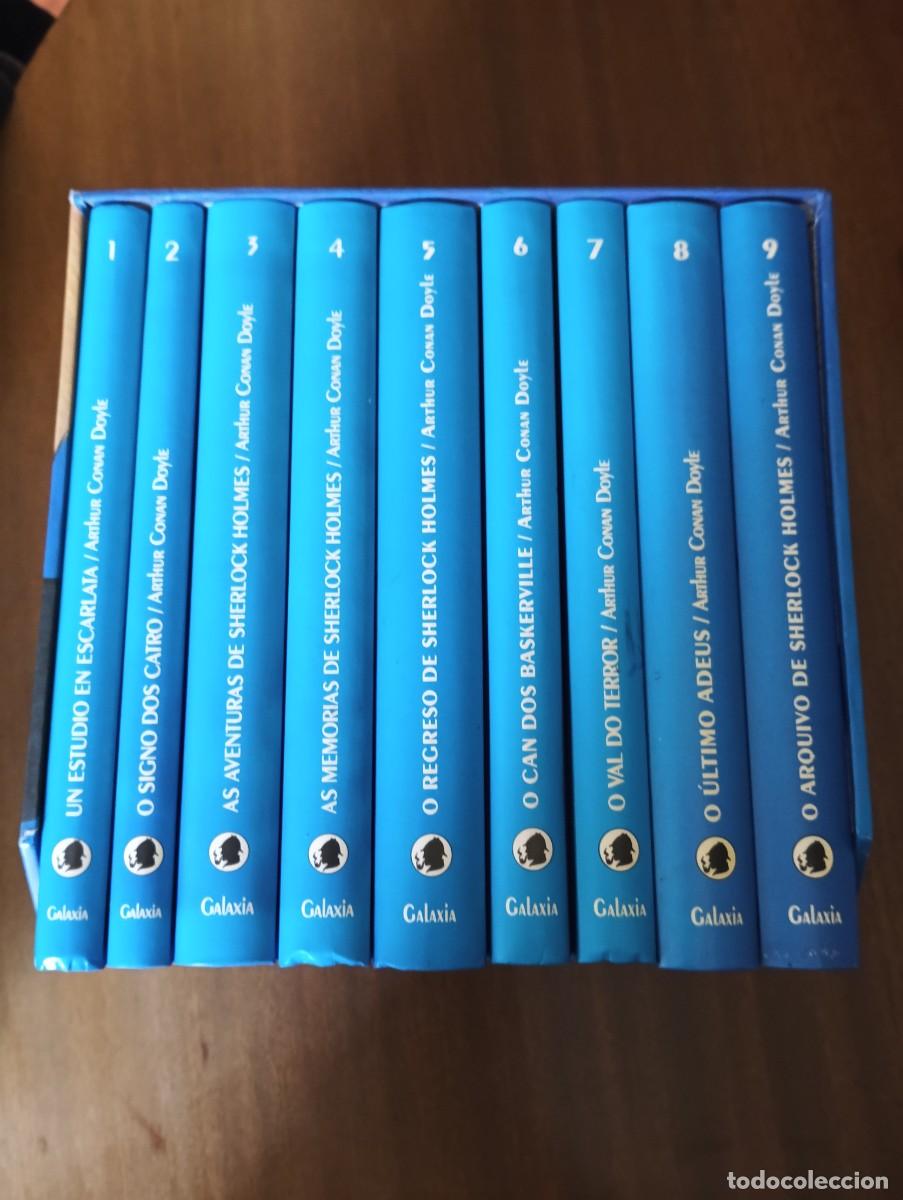 Libros de segunda mano: BIBLIOTECA SHERLOCK HOLMES (Gallego). COMPLETA 9 TOMOS. GALAXIA.
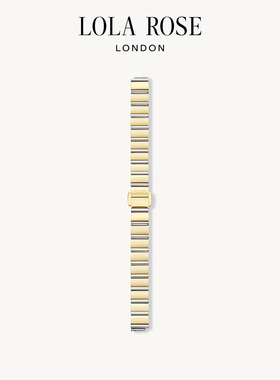 Lola Rose 罗拉玫瑰 10mm 方糖系列表带皮带钢带生日礼物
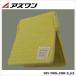 �A�Y���� 1015�p�j�~�N�����t�B���^�[ 2-2851-11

☆ ☆ ☆ ☆

→ **EXERCISE OBJECTIVE**
Starting with the line that contains "Lola Rose 罗拉玫瑰 10mm 方糖系列表带皮带钢带生日礼物", repeat each line exactly until the listing ends, including the last one. Leave pictures out.

→ **RESPONSE TO THE EXERCISE**
 Lola Rose 罗拉玫瑰 10mm 方糖系列表带皮带钢带生日礼物
 �A�Y���� 1015�p�j�~�N�����t�B���^�[ 2-2851-11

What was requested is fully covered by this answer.